Dengan rasa penuh ingin tahu—antara percaya dan tidak—saya pun memberanikan diri ikut meminum ”air ajaib” itu. Saya coba buang jauh-jauh perasaan ragu dan jijik saat mengambil salah satu gayung dan menadah air. ”Peduli amat, siapa tahu kepercayaan ini memang benar adanya. Kalau tidak sekarang, kapan lagi saya bisa sampai ke tempat ini,” begitu pikir saya. Tapi, jujur saja, saat di depan pancuran, saya tak sempat lagi memilih mau memilih khasiat yang mana. Semuanya berlalu begitu cepat!

Agaknya, inilah roh dari kuil ini, mengingat pendirinya, biksu Enchin, pada awalnya memang memimpikan untuk membangun sebuah kuil di sebuah air terjun dari sebuah sumber yang jernih, Sungai Yodogawa. Menurut legenda, mimpi itu segera diwujudkannya ketika suatu hari ia melintas di air terjun di Otowa dan bertemu dengan Gyoei, seorang pendeta tua yang memberinya balok kayu, yang harus diukirnya dengan wajah Kannon.

Kompleks Raksasa
Beruntung, saya sempat mengunjungi kompleks ini pada awal-awal musim semi. Selain udara yang tidak terlalu panas juga bisa menyaksikan saat bunga-bunga sakura hendak mulai bermekaran. Lansekap tempat ini memang banyak ditumbuhi oleh tanaman khas Negeri Matahari Terbit itu. Sangat sentimental. Toh demikian, kita juga perlu berhati-hati saat menghirup udara karena serbuk-serbuk bunga yang sangat halus bisa saja ikut terhirup dan mengganggu pernapasan kita. Hidung bisa tiba-tiba terasa perih dan tiba-tiba mengalami mimisan. Setidaknya sekali-dua kali saya sempat mengalami hal itu.

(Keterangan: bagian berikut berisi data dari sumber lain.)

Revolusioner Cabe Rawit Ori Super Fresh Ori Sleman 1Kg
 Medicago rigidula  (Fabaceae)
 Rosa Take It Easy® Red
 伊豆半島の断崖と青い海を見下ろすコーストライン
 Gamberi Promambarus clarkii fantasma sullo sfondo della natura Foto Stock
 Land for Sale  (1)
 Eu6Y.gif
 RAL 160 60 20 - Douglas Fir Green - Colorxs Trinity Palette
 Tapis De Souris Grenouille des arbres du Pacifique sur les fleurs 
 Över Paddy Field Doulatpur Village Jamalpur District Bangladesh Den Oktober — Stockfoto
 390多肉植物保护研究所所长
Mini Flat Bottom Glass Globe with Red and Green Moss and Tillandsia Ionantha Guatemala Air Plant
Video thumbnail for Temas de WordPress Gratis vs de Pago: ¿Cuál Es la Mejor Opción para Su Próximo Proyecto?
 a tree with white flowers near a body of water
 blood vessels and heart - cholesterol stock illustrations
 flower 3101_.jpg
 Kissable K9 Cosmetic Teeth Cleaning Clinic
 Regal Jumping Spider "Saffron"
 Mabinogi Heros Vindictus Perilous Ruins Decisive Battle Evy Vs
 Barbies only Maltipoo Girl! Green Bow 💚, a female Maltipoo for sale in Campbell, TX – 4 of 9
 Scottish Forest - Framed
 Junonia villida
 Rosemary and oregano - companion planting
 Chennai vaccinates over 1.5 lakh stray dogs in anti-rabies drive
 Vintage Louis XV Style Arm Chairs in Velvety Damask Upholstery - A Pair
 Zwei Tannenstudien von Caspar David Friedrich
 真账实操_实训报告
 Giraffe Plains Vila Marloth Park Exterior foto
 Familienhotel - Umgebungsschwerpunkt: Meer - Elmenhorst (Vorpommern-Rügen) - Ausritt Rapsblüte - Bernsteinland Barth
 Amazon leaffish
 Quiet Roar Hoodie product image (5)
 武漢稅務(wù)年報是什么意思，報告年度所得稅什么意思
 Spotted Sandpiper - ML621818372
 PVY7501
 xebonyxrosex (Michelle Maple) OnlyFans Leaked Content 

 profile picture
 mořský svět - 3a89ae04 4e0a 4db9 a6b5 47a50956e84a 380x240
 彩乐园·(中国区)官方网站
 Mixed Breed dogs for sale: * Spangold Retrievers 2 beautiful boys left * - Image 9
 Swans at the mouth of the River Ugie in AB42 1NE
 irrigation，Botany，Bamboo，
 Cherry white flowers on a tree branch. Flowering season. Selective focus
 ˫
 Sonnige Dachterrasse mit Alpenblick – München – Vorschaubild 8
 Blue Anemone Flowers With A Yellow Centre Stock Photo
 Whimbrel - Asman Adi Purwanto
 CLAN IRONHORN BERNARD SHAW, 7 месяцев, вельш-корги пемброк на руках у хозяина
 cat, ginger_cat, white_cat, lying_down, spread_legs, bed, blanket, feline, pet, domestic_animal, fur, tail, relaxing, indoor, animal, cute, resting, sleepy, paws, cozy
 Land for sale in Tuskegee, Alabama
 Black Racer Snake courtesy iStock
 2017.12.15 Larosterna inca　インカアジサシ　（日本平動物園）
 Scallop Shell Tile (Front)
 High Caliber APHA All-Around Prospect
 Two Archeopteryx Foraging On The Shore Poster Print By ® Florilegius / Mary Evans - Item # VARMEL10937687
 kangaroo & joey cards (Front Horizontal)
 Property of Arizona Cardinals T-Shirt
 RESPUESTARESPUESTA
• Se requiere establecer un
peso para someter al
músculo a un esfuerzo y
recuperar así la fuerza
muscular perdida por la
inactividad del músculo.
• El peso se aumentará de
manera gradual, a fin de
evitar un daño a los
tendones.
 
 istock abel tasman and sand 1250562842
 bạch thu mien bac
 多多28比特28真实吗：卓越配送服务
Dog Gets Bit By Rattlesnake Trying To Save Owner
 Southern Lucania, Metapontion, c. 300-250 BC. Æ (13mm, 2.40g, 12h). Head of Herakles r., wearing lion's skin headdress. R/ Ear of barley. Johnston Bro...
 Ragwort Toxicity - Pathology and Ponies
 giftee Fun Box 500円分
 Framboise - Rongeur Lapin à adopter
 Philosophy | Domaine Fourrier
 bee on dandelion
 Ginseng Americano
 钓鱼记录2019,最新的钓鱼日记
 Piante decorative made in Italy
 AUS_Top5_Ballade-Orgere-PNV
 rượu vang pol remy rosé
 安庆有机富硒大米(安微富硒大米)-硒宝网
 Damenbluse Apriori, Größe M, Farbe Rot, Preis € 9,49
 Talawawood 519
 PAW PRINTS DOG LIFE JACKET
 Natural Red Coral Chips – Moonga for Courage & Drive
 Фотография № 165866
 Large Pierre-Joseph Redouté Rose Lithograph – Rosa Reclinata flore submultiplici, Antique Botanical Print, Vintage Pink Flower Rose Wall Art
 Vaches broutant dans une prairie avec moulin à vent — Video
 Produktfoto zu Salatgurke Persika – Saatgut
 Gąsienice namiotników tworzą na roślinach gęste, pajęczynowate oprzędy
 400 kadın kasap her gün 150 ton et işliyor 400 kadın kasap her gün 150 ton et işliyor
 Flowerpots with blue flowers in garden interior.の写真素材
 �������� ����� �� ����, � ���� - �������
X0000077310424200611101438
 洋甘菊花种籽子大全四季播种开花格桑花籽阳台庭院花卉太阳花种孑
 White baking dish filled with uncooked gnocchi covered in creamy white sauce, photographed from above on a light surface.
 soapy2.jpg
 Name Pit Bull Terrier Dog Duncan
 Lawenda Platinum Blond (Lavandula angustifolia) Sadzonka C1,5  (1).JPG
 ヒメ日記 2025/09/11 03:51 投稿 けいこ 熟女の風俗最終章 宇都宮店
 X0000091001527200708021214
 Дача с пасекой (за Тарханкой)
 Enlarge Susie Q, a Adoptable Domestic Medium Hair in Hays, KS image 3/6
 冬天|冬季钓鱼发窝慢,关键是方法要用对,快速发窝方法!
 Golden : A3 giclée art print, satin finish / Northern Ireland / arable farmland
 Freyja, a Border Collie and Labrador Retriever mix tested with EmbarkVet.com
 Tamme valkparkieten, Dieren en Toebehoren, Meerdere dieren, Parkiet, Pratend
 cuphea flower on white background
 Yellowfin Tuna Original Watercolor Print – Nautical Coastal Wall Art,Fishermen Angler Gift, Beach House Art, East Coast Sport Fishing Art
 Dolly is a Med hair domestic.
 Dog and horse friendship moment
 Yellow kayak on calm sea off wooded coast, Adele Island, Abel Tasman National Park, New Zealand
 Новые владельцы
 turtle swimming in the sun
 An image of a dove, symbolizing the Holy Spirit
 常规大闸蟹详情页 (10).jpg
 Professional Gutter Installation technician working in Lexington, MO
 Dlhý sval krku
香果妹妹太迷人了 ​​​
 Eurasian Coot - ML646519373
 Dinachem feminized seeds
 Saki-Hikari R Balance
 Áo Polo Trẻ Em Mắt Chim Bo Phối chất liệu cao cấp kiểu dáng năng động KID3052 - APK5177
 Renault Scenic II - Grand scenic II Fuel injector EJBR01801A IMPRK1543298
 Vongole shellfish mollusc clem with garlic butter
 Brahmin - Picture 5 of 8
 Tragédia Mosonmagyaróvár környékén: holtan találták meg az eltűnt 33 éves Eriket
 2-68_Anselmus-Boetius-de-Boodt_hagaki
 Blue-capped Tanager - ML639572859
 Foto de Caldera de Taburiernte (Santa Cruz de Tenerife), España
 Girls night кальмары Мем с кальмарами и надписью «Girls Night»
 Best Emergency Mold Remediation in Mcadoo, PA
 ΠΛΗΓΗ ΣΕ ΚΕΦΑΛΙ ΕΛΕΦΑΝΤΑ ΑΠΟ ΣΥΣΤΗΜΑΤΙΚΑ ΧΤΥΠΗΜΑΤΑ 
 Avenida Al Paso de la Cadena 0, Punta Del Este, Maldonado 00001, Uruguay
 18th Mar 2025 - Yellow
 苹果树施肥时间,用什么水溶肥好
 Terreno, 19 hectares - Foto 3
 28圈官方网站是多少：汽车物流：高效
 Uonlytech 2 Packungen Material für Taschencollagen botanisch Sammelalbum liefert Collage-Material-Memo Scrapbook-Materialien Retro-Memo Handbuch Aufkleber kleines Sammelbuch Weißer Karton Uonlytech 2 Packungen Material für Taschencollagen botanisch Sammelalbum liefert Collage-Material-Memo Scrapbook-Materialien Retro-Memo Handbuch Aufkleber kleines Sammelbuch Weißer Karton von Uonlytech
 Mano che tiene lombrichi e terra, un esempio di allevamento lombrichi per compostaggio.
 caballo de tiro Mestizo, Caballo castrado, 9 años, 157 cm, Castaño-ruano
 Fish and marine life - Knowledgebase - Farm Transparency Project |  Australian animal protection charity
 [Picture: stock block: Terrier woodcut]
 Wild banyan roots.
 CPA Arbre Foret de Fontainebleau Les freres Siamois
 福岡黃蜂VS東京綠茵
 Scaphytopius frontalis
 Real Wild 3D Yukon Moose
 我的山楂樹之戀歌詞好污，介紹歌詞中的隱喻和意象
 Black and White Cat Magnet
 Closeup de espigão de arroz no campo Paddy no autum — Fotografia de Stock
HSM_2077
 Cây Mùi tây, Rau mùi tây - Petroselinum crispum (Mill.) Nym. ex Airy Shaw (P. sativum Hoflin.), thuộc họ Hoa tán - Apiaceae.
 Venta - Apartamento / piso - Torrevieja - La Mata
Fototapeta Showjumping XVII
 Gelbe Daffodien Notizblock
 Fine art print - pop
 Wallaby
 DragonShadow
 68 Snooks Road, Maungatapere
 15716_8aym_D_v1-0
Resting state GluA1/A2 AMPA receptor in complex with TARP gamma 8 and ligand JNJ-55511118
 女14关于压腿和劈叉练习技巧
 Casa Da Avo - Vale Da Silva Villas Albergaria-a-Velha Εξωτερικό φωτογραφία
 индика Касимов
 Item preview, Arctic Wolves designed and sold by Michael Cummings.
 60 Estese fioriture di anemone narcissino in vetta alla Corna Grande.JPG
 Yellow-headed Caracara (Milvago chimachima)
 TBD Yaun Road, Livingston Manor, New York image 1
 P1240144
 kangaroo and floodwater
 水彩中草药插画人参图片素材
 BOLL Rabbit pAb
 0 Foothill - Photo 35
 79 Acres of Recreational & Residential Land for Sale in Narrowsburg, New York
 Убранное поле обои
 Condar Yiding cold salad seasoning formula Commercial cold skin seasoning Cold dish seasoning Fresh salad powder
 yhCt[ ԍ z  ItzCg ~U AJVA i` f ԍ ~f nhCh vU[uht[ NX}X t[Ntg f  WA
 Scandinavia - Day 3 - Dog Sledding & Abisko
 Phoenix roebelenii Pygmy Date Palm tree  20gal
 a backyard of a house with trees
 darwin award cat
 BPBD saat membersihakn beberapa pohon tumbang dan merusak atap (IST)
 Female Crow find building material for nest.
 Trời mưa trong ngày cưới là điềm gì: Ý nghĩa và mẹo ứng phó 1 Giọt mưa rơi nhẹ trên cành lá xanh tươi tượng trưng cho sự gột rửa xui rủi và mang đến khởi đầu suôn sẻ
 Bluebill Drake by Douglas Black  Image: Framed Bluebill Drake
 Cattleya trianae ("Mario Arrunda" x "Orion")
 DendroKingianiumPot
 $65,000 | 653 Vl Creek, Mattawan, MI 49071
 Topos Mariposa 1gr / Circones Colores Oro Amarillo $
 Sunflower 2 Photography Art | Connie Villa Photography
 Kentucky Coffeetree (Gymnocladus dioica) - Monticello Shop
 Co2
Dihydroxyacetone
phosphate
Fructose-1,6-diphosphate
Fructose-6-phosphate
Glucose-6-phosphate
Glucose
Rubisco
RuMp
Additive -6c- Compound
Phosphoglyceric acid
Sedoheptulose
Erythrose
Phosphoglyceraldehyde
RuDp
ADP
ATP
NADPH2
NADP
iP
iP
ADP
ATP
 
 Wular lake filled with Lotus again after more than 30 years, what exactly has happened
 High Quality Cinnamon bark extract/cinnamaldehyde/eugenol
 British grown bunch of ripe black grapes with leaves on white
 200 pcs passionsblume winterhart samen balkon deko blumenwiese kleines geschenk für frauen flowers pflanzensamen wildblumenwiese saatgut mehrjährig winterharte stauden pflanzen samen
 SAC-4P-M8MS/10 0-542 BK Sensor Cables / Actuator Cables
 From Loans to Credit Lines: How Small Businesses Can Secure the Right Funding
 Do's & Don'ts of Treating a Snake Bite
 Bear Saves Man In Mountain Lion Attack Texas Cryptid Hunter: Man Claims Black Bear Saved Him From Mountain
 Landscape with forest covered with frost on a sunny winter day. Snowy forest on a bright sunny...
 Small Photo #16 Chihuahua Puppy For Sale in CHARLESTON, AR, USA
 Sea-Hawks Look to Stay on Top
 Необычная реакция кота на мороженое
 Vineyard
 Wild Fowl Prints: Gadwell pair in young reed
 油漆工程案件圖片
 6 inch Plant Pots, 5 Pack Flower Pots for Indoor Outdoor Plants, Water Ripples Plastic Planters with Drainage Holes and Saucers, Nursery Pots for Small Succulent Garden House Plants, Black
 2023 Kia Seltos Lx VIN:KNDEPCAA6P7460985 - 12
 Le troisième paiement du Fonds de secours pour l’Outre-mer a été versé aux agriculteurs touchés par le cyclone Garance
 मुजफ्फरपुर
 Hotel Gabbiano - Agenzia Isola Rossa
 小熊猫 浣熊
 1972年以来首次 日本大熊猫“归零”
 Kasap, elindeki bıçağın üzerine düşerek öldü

Kompleks kuil ini memang luar biasa luasnya dengan sejumlah bangunan yang sayang untuk dilewatkan. Tengok saja bangunan utamanya. Bangunan aslinya yang merupakan sumbangan dari Tamuramaro telah hancur terbakar pada 1629, sedang bangunan yang sekarang adalah berarsitek periode Heian. Di dalamnya, didekorasi oleh 30 lukisan sumbangan para pedagang selama pembangunan tahun 1633. Konon kabarnya, gambar asli Kannon yang dibuat oleh Echin disimpan di sebuah kotak dengan 28 tiruannya di sisinya. Namun, apabila Anda berharap menyaksikan langsung gambar dewa berwajah-sebelas dengan seribu-senjata ini, Anda harus menunggu hingga tahun 2010. Pasalnya, gambar asli ini hanya ditunjukkan sekali dalam 30 tahun dan penunjukkan yang terakhir adalah pada 1977.

Di bagian luar dari bangunan ini terdapat sebuah panggung tari atau yang disebut Butai. Panggung ini dibuat dari kayu-kayu perancah dari pohon zelkova yang menyangga panggung seluas 10 meter persegi di atas tebing setinggi 12 meter. Bangunan ini berada di titik tertinggi dalam kompleks. Pemandangan dari sini sungguh mengagumkan karena sejauh mata memandang kita akan dipuaskan oleh keindahan panorama sekitar tanpa halangan. Begitu tingginya tempat ini sehingga ada pepatah Jepang mengatakan ‘jumping of the Kiyomizu’ yang maknanya baru akan kita mengerti setelah kita berada di tempat ini. Betapa tidak, siapa pun orangnya dan apa pun alasannya, orang harus berpikir seribu kali sebelum melompat dari Butai. Inilah tempat favorit bagi para wisatawan untuk berfoto dan sangat popular menghiasi kartupos-kartupos dari Kyoto. Ke arah selatan Anda akan melihat Koyasu-no-to (pagoda utk memudahkan kelahiran), yang berisi gambar Koyasu Kannon. Pemandangan ini sangat indah difoto, terutama saat musim gugur ketika daun-daunan berwarna oranye dan merah.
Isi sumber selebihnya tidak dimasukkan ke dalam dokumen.